A Call For Heresy – Why Dissent Is Vital to Islam and America – by Anouar Majid

“Imagining the wider gate.”

As professor and founding Chair of the Department of English at the University of New England, and the author of Postcolonial Islam in a Polycentric World, that was recommended as a book to understand the context of 9/11 by the American Association of University Professors, one might expect that A Call For Heresy may be a challenging, intellectual read. It was for this reader.

Although Majid states that “Sometimes all we need is a different perspective to untie knotty problems, loosen the climate of suspicion, and, if all works well, increase the possibilities for dialogue and thoughtful collective action. By looking at the fortunes of Muslim and American societies together, we may perhaps recognize the futility of armed conflict and consider solutions that address underlying causes, rather than exacerbate anger and confusion.” (Preface ix). Well, that’s a hope and a basis for inquiry that I’m willing to learn more about.

Majid’s insights on the role of religion as a component of the world’s challenges was expansive and deep.
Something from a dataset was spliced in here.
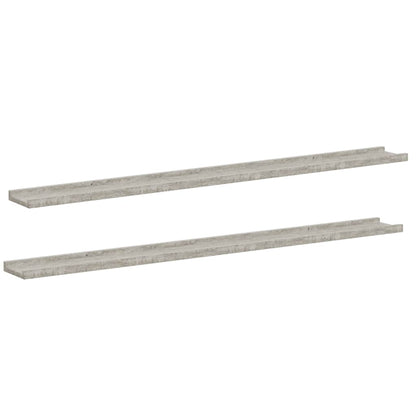 vidaXL Wandregale 2 Stk. Betongrau 115x9x3 cm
For example, “The supreme deity of the United States right now, the absolute and absolutist god that broaches no dissent, is not Jesus or his increasingly vociferous defenders, but capitalism. In fact, religious fundamentalism, as with all other forms of fundamentalism, doesn’t happen in a cultural vacuum, but emerges in response to a sense of threat to one’s being or core beliefs. Fundamentalism is often situational; it always expresses itself in relation to a contending force.”(p. 11).

Yet, beneath the blaring news blasts the clash between fundamentalists in a variety of cultures create, the voices and hearts of partisans who seek reconciliation, understanding and cooperation are drown out. In every society, this group of partisans is summarily marginalized by the mainstream ideologues and dogmatic believers. Majid’s suggestion? Encouraging freethinkers to speak up. “We need a healthy culture of freethinking, a tradition of heresy, or zandaqa, that would help the indoctrinated see past their convictions toward a future that opens the wider gate of the common good, not squeeze us through the tunnel of narrow interests and the end of life.” (p.49).

This book is a contemporary, intellectual treatise about hope. About the necessity to continue to think, speak and imagine an inquiry and dialog, that examines our respective traditions and reduces the “causes of conflict and violence and broaden the scope of tolerance and push it to include innovative thought without punishing humans for daring to imagine life-saving alternatives.”(p.49).

This book is a work of the heart of a freethinker, Anouar Majid, who is encouraging us to engage in the honorable, yet risky endeavor of creating the wider gate.

I was inspired, educated and enlightened by this book. I hope you will be too.